Input records Block Start

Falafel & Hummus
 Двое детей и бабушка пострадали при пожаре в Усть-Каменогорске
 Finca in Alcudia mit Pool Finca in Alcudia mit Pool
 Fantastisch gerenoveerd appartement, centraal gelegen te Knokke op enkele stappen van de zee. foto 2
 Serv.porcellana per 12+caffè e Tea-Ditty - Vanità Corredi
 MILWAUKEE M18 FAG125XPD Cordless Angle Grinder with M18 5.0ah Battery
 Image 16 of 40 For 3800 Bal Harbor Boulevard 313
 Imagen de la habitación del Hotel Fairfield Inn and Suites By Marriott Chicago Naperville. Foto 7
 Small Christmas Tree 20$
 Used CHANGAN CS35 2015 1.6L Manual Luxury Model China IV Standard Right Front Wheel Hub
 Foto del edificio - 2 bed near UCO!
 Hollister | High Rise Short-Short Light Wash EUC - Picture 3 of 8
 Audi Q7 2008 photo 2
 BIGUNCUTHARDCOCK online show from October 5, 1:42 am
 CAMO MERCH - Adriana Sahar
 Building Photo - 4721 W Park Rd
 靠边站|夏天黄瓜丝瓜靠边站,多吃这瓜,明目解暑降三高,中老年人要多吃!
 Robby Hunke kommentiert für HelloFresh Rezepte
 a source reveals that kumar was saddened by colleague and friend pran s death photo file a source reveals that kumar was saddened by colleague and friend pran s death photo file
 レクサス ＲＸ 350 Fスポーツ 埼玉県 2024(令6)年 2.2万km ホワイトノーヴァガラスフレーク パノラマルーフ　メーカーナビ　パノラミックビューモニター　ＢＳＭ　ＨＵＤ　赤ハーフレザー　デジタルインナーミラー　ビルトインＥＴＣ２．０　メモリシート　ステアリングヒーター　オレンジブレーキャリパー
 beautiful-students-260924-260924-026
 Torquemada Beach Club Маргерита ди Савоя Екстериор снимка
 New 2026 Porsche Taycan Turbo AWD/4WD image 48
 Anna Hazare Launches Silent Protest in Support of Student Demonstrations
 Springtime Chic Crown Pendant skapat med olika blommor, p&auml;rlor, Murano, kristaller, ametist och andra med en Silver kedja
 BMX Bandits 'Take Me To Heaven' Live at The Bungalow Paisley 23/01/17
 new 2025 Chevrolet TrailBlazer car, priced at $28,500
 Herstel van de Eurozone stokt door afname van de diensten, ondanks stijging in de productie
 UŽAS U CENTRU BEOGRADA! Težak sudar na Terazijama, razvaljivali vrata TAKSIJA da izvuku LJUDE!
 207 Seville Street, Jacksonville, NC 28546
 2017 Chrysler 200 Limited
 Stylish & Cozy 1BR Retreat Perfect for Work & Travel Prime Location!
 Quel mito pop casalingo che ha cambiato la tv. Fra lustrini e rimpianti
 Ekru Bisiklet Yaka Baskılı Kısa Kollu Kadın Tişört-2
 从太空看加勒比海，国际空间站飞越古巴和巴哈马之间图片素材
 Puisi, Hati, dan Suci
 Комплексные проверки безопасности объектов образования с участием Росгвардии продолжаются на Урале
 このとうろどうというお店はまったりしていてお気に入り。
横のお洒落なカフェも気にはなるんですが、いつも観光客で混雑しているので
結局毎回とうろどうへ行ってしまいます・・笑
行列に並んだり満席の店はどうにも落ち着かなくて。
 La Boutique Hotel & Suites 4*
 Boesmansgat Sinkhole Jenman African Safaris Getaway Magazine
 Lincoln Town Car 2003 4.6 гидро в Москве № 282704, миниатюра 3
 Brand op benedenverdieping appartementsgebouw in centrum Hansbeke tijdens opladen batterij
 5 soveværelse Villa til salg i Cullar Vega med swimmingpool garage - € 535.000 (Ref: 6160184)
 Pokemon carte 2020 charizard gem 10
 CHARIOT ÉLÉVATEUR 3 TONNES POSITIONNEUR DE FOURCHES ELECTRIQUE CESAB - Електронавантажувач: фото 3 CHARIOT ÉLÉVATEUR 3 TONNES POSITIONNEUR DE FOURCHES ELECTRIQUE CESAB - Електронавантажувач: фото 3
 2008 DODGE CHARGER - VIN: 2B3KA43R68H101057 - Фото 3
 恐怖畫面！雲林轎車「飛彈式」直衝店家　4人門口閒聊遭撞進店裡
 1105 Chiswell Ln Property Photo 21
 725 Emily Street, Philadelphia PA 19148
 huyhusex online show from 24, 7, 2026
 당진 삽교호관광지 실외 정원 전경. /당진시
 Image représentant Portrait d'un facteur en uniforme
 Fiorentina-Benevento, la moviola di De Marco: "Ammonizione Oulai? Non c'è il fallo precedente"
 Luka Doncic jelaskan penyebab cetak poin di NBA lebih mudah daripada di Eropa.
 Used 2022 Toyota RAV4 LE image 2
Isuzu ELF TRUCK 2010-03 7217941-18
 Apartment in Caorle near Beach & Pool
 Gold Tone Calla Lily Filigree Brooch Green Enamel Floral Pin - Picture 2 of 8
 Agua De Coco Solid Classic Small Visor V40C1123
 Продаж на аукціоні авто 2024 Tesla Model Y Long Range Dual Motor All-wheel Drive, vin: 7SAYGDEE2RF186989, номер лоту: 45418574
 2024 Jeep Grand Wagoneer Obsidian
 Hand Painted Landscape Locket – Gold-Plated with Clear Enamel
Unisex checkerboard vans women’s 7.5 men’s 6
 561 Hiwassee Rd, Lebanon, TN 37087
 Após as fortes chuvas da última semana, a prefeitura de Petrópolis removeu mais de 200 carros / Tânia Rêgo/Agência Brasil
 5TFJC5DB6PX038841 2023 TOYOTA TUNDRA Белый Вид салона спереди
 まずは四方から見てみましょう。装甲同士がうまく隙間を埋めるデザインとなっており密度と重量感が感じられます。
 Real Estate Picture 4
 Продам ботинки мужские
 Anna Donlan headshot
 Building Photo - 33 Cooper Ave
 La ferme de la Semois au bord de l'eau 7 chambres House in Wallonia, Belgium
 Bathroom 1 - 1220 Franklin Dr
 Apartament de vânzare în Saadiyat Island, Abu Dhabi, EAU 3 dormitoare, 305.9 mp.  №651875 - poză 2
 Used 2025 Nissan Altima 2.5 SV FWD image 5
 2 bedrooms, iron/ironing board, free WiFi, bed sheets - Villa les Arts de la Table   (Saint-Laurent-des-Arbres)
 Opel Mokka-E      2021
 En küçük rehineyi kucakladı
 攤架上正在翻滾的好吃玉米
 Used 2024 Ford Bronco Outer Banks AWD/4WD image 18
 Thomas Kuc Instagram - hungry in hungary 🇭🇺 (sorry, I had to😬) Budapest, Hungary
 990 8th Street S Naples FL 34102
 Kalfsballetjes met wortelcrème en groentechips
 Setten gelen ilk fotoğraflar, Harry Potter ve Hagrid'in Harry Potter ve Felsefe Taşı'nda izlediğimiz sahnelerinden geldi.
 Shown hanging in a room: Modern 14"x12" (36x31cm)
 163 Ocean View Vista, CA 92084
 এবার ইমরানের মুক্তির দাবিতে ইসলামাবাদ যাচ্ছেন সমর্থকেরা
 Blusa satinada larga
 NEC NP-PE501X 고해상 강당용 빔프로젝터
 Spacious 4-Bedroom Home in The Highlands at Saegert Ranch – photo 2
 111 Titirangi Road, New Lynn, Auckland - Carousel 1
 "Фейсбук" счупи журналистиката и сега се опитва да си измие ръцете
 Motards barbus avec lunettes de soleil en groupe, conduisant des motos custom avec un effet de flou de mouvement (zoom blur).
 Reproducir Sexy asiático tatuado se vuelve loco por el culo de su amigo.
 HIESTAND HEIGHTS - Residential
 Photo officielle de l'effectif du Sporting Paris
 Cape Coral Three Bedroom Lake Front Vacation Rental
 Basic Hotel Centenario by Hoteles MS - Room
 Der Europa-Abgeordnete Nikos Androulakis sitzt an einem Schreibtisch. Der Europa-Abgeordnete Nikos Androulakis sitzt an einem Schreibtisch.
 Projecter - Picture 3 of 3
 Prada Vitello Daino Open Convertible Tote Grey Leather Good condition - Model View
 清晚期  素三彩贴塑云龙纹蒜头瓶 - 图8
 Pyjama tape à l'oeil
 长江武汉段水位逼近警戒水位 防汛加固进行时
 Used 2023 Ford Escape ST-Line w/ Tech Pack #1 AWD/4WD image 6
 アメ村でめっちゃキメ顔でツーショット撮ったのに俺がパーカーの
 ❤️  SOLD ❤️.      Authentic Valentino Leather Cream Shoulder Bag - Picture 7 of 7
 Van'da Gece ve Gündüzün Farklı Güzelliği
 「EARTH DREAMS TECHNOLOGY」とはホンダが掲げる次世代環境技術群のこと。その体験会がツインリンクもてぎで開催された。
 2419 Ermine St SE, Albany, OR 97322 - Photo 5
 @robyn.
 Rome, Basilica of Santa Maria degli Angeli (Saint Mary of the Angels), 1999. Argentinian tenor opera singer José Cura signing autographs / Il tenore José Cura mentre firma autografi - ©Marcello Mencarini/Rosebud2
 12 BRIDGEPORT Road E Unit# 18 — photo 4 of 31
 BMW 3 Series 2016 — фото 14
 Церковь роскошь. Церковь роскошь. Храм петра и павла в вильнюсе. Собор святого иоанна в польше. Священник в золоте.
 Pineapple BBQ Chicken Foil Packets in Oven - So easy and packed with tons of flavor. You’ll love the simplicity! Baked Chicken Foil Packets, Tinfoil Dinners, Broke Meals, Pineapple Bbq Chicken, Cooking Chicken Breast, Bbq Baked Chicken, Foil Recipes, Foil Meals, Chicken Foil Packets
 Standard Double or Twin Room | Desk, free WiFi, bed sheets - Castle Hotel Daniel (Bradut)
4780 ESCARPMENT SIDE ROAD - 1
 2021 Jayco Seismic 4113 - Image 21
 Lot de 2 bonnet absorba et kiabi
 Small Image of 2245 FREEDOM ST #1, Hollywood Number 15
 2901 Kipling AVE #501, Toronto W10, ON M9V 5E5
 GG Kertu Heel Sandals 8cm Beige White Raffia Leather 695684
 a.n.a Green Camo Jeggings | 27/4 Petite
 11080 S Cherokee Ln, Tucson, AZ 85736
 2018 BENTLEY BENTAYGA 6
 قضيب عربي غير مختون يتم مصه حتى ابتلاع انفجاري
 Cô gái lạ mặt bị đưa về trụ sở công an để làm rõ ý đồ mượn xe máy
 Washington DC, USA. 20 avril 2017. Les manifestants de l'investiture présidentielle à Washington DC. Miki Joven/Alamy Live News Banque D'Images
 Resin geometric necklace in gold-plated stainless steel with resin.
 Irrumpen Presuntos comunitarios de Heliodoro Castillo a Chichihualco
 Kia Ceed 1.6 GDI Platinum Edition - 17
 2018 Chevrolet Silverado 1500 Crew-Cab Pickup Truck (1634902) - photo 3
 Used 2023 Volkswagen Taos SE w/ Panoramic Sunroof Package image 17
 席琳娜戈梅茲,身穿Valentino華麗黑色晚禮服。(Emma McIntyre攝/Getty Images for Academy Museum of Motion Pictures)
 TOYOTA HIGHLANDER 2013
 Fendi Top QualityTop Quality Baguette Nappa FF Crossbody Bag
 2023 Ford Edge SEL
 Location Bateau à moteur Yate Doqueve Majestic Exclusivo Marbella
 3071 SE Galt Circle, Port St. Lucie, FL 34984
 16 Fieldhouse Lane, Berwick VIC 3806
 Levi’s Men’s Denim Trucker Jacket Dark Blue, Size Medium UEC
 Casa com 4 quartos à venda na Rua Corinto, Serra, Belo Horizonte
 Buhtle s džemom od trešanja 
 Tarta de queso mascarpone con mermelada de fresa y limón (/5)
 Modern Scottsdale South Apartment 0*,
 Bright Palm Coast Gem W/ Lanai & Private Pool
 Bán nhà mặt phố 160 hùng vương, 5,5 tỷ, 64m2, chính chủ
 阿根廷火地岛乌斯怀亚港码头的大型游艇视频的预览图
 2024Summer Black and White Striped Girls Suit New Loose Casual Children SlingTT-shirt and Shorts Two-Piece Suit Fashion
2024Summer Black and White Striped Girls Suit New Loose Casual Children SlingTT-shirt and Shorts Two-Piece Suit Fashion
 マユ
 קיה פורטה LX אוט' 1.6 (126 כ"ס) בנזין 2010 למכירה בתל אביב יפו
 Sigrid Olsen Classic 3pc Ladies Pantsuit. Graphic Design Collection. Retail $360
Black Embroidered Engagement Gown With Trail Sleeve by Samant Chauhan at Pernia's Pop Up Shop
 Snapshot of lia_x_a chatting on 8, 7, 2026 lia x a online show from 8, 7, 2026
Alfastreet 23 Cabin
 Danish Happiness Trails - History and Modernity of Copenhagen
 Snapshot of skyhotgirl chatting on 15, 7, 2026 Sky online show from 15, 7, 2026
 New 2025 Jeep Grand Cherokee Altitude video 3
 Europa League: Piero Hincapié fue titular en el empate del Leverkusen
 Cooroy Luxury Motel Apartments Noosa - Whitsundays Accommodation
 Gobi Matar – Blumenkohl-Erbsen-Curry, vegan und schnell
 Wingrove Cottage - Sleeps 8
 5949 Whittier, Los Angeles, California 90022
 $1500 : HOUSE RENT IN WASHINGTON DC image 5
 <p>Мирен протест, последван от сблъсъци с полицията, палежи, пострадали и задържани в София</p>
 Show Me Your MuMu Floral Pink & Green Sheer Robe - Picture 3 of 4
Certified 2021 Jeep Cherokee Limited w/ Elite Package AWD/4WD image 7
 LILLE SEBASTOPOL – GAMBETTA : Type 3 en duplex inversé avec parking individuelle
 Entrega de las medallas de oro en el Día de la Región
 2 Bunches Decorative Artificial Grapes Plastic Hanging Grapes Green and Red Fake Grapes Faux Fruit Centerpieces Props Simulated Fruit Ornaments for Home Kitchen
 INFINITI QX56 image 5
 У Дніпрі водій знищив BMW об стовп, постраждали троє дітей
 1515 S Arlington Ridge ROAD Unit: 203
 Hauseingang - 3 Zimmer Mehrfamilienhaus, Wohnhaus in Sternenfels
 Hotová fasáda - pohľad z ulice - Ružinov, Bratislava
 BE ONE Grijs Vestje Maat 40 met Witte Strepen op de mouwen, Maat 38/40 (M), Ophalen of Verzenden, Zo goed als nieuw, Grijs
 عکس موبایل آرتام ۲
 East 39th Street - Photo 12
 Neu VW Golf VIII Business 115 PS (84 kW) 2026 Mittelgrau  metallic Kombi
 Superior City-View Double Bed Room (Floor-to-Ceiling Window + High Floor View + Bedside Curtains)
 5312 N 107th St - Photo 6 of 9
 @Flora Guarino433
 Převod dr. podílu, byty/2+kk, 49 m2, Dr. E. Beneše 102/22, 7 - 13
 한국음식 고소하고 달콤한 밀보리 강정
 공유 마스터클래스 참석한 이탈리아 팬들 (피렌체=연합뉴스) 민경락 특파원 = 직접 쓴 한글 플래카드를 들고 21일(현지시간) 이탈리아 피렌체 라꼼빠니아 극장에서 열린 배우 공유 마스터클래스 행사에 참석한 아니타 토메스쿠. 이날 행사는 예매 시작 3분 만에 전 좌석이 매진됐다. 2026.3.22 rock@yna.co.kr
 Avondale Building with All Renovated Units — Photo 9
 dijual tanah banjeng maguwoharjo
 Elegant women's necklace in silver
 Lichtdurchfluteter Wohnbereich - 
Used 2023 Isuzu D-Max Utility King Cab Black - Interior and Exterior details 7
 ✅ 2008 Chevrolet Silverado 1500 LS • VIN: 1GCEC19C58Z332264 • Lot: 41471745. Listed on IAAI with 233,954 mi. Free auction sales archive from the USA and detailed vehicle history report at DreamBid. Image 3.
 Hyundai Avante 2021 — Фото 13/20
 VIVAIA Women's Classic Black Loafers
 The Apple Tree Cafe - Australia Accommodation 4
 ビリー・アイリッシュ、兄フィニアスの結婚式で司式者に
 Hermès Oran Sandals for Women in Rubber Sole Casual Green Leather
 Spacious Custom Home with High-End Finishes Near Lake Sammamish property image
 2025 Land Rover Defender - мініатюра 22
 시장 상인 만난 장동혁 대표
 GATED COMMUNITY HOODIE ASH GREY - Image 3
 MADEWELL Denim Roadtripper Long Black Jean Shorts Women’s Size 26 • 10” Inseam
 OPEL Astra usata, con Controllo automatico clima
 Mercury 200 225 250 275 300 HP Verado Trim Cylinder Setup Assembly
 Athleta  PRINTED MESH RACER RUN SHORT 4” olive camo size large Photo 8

Input records Block End

> [What you have to do]: Each line of the data that contains "chatting" belongs in the answer.

> [Task response]:
 Snapshot of lia_x_a chatting on 8, 7, 2026 lia x a online show from 8, 7, 2026
 Snapshot of skyhotgirl chatting on 15, 7, 2026 Sky online show from 15, 7, 2026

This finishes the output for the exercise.